Lost in Time

Lost in Time

A.G. Riddle



To the many readers who have invested their precious time in my novels—past, present, and future.





PART I



A DISCOVERY ABOUT TIME





ONE


On the anniversary of his wife’s death, Sam Anderson visited her grave.

It was a crisp spring morning in Nevada, with dew on the grass and fog rolling through the cemetery. In one hand, Sam carried a bouquet of flowers. In the other, he gripped his son’s hand. Ryan was eleven years old and strong-willed and introverted, like his mother. After her death, he had withdrawn, spending even more time alone, playing with LEGOs, reading, and generally avoiding life.

Counseling had yielded little help for Ryan. At home, Sam had searched for a way to get through to his only son, but he had to admit: he wasn’t half the parent his wife had been. Most days, he felt like he was simply reacting to his children, making it up as he went, working on a mystery without any clues.

He hoped the visit to Sarah’s grave this morning would be the start of turning that around.

Sam’s daughter, Adeline, gripped Ryan’s other hand. She was nineteen years old, and to all outward appearances seemed to have coped better with her mother’s passing. But Sam wondered if Adeline was just a better actor than Ryan or himself. He worried about that too, about her bottling it all up and carrying the burden of unaddressed grief.

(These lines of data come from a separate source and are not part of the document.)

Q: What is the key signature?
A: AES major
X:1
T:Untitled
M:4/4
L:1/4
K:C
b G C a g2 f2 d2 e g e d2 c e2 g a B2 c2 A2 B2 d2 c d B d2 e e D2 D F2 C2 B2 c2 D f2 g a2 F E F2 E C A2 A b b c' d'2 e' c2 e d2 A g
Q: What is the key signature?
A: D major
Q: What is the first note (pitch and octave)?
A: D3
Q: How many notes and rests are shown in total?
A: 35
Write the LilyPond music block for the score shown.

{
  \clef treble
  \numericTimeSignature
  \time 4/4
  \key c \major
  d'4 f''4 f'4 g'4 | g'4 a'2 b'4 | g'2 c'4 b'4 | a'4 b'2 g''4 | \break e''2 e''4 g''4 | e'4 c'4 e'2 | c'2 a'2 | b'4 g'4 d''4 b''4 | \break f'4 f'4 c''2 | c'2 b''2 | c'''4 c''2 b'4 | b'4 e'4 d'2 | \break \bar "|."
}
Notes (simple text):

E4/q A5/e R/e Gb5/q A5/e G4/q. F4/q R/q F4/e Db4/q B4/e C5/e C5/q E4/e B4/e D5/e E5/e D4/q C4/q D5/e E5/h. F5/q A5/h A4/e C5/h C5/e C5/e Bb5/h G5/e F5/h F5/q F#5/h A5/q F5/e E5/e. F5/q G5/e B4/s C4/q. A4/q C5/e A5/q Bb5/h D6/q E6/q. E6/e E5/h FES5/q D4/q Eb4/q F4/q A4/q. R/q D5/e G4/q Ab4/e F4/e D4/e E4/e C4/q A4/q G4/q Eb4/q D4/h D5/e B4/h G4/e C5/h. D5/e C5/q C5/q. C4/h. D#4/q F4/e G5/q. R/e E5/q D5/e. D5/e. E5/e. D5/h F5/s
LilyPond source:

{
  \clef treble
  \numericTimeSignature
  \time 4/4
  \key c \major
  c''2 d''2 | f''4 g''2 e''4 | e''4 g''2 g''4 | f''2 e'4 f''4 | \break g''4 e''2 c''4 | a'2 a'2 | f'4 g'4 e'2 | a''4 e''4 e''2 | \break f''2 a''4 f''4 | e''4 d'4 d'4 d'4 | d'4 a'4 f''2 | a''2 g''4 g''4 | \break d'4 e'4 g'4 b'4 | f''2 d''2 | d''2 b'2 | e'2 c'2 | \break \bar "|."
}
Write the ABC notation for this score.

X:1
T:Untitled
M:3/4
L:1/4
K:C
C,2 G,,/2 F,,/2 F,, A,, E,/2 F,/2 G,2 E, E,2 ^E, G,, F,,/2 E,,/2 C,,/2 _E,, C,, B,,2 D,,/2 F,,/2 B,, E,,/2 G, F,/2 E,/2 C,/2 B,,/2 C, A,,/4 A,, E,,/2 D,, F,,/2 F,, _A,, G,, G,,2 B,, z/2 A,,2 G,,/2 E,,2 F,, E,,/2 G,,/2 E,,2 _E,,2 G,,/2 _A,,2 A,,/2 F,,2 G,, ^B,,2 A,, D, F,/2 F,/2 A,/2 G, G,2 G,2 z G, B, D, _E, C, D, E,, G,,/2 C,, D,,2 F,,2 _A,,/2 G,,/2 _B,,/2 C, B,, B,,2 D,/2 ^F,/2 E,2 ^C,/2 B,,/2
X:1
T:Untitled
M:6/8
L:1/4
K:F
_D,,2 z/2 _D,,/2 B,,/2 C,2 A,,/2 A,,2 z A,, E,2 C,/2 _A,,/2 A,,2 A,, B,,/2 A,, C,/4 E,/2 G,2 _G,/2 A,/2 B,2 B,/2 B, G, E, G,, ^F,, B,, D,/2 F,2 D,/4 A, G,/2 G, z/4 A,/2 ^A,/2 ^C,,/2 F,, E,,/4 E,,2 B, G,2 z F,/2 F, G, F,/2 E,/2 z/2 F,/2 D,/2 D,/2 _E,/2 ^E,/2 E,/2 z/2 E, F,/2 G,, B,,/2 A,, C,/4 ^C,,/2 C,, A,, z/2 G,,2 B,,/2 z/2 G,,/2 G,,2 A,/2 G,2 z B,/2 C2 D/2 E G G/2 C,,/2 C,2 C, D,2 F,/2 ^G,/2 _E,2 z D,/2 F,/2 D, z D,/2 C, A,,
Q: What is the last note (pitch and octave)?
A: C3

Last night, he had seen a glimpse of her hidden rage. Adeline was still furious with him over the evening’s argument. So angry she wouldn’t even hold his hand or look at him. Hence, Ryan walking between them.

But she had agreed to be there that morning, and Sam was thankful for that.

They walked in silence through the cemetery much like they had floated through life since Sarah’s death: hand-in-hand, trying to find their way through it all.

Fog drifted in front of the headstones like a curtain being drawn and opened. Across the cemetery, sprinkler heads rose and began deploying water. The cemetery likely cost a fortune to irrigate out in the Nevada desert, but of all the problems Absolom City had, money wasn’t one.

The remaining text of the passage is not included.